Task prompt:
In the listing below, locate the line containing "China Cabinet. - needs to be painted." and the line containing "Exadata Database on". Output both of them and every line between, exactly as written, and nothing more.

The input:

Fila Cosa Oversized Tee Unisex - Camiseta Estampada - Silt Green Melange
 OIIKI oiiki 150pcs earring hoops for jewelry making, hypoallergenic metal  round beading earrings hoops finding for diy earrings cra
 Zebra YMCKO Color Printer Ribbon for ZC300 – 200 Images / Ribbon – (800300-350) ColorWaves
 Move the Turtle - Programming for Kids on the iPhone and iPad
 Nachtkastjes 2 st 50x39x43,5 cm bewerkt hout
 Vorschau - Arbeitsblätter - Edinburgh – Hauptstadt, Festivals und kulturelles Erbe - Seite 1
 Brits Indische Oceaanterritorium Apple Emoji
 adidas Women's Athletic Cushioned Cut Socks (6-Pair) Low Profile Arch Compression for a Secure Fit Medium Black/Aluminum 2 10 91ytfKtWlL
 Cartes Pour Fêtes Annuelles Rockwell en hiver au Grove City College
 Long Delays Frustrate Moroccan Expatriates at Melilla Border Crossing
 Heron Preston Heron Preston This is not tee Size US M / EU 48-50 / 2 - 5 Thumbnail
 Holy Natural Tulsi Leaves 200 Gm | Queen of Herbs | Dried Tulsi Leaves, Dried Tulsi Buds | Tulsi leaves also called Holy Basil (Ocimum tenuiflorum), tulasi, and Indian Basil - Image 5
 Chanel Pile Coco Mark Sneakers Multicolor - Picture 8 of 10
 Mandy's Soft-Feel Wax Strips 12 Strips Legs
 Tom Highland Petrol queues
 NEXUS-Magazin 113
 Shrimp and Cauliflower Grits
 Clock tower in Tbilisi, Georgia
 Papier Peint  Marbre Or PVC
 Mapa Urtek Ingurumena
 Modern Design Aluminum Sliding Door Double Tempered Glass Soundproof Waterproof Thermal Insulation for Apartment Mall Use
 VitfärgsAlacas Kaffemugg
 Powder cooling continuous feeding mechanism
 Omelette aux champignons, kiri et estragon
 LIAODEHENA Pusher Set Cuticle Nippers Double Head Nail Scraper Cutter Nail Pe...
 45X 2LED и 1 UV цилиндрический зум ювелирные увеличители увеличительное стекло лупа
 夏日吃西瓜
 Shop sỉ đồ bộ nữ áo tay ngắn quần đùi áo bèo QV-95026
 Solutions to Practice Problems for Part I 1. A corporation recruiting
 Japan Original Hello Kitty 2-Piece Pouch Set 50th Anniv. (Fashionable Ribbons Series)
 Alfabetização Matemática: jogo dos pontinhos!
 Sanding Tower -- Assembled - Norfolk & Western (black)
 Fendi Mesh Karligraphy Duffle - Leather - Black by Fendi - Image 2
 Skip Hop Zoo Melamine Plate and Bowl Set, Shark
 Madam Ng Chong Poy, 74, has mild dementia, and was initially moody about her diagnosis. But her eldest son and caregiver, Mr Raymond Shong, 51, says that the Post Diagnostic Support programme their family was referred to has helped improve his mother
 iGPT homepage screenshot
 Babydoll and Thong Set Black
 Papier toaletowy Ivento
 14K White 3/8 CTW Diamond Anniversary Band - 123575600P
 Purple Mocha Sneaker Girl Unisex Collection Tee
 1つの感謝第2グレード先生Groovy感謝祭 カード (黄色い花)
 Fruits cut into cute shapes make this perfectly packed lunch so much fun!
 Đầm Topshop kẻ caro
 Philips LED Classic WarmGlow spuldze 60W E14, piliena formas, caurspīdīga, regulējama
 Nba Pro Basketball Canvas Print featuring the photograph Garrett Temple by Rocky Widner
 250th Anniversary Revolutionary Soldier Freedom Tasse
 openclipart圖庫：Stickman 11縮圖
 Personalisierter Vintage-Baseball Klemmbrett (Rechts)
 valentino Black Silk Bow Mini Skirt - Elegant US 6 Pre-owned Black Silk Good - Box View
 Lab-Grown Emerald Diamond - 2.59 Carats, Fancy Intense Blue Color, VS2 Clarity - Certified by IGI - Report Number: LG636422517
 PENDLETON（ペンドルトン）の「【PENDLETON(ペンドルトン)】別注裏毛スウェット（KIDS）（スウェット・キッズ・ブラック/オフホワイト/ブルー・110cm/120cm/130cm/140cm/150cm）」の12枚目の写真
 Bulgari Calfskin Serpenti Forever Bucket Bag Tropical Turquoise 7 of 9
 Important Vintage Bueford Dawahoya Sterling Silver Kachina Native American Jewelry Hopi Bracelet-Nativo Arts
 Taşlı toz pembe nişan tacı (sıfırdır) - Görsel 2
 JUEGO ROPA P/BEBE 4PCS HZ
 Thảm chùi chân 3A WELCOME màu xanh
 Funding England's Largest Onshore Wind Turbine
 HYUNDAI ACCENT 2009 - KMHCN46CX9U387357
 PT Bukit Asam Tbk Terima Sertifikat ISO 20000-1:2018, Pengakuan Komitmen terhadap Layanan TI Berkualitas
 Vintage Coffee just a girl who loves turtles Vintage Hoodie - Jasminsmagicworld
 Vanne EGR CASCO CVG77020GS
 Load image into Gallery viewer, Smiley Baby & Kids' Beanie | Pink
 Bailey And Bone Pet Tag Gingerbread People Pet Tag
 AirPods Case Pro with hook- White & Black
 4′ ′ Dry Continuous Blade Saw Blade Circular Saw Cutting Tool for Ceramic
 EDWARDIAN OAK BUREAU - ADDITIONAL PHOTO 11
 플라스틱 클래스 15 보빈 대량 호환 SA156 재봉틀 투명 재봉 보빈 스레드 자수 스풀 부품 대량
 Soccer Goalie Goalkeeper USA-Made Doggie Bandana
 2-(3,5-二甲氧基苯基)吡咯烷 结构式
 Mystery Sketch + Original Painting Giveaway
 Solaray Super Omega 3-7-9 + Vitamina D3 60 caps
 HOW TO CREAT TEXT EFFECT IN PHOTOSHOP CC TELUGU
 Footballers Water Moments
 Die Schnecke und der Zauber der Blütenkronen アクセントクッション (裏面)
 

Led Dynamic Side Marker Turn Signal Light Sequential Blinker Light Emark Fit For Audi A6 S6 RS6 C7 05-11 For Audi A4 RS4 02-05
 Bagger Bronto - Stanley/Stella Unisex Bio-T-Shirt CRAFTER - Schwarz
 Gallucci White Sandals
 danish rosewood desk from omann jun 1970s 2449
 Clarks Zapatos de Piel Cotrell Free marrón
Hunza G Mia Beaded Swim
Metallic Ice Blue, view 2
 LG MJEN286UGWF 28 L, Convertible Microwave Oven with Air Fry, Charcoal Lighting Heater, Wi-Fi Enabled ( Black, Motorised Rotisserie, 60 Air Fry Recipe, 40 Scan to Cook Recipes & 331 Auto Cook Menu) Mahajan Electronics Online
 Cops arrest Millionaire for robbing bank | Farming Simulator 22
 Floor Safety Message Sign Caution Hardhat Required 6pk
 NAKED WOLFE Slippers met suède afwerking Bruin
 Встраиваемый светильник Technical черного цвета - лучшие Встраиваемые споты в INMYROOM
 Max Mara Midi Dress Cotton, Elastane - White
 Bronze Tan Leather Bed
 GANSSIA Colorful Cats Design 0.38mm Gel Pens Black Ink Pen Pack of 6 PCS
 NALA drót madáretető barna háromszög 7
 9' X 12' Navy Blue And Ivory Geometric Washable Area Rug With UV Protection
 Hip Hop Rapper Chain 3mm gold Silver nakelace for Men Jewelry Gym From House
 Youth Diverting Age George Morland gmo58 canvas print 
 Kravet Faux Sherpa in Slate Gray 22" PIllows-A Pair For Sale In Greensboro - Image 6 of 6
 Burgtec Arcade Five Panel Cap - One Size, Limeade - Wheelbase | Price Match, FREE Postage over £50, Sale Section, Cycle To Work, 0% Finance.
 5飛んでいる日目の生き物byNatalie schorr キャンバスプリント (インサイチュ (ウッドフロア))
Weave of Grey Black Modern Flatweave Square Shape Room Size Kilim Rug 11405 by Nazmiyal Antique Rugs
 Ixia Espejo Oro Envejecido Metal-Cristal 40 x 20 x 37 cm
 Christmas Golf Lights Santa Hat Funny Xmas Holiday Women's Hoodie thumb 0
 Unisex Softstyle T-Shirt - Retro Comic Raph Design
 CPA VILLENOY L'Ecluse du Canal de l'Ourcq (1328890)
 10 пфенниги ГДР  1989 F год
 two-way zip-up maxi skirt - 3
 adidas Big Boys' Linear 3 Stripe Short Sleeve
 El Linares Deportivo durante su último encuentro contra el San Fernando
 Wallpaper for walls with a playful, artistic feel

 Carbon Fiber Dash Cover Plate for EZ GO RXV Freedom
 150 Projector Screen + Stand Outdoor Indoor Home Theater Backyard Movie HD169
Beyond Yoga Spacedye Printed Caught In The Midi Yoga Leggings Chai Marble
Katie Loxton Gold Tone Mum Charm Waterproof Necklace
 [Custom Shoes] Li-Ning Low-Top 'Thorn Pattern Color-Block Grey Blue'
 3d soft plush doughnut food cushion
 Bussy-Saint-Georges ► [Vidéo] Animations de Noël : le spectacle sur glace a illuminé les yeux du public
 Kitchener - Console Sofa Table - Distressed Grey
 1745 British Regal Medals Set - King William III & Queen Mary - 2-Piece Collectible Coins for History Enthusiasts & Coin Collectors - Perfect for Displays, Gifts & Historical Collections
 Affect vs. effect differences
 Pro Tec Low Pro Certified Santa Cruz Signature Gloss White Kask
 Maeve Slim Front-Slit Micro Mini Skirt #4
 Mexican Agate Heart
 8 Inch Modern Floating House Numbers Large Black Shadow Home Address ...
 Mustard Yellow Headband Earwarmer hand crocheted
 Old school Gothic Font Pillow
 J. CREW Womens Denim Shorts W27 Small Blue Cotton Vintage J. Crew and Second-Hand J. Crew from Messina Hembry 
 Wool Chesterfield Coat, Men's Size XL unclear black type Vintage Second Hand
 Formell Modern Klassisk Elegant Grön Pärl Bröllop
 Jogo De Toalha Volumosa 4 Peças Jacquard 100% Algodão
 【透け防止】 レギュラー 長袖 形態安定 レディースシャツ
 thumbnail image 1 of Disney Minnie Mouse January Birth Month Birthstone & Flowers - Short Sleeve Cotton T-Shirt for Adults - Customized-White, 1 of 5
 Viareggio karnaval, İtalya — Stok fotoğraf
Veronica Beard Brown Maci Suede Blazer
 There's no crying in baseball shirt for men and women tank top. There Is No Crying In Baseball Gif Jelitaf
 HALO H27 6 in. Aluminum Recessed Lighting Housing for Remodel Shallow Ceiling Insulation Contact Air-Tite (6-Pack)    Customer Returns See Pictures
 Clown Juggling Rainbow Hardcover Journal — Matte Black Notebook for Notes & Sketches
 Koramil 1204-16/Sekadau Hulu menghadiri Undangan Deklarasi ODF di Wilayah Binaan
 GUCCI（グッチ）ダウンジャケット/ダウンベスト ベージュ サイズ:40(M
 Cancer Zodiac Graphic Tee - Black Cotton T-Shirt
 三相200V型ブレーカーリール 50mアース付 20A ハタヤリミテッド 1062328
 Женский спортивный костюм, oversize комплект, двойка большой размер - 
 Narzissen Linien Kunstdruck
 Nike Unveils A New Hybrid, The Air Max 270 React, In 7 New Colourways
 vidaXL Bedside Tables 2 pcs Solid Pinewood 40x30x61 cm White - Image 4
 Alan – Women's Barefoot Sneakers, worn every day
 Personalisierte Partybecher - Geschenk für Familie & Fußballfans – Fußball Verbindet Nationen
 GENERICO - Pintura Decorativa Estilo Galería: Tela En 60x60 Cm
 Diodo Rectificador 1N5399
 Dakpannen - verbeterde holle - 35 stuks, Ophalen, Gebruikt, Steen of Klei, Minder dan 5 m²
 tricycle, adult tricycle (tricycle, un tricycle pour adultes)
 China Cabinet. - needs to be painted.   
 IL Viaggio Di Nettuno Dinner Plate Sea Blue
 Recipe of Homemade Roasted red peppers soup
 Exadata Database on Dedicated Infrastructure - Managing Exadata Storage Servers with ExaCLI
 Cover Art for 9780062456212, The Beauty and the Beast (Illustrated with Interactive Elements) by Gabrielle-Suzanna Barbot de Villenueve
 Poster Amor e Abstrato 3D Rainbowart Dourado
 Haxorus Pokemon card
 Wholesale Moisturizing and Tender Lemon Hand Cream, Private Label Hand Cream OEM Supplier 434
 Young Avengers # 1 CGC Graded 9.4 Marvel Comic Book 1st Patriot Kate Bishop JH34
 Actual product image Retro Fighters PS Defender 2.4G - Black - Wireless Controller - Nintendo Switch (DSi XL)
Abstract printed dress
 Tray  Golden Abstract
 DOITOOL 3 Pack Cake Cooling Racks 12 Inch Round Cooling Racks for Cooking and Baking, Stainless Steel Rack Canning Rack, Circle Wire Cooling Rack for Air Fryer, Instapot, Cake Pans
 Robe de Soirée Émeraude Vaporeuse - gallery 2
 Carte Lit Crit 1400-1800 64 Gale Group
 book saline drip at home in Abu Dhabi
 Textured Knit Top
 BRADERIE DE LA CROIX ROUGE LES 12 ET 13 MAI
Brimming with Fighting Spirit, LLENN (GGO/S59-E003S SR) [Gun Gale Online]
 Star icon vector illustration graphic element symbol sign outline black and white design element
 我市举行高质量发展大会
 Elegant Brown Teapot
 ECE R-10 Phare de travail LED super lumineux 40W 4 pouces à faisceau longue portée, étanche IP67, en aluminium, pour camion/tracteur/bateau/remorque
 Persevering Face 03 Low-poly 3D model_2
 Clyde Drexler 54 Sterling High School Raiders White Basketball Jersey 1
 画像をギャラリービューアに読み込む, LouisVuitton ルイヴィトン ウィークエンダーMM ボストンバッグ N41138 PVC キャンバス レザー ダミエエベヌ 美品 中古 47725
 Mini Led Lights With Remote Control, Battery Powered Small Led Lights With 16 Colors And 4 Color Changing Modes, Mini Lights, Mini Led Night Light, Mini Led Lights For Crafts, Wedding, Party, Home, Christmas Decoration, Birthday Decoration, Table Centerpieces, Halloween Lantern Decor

Expected answer:
 China Cabinet. - needs to be painted.   
 IL Viaggio Di Nettuno Dinner Plate Sea Blue
 Recipe of Homemade Roasted red peppers soup
 Exadata Database on Dedicated Infrastructure - Managing Exadata Storage Servers with ExaCLI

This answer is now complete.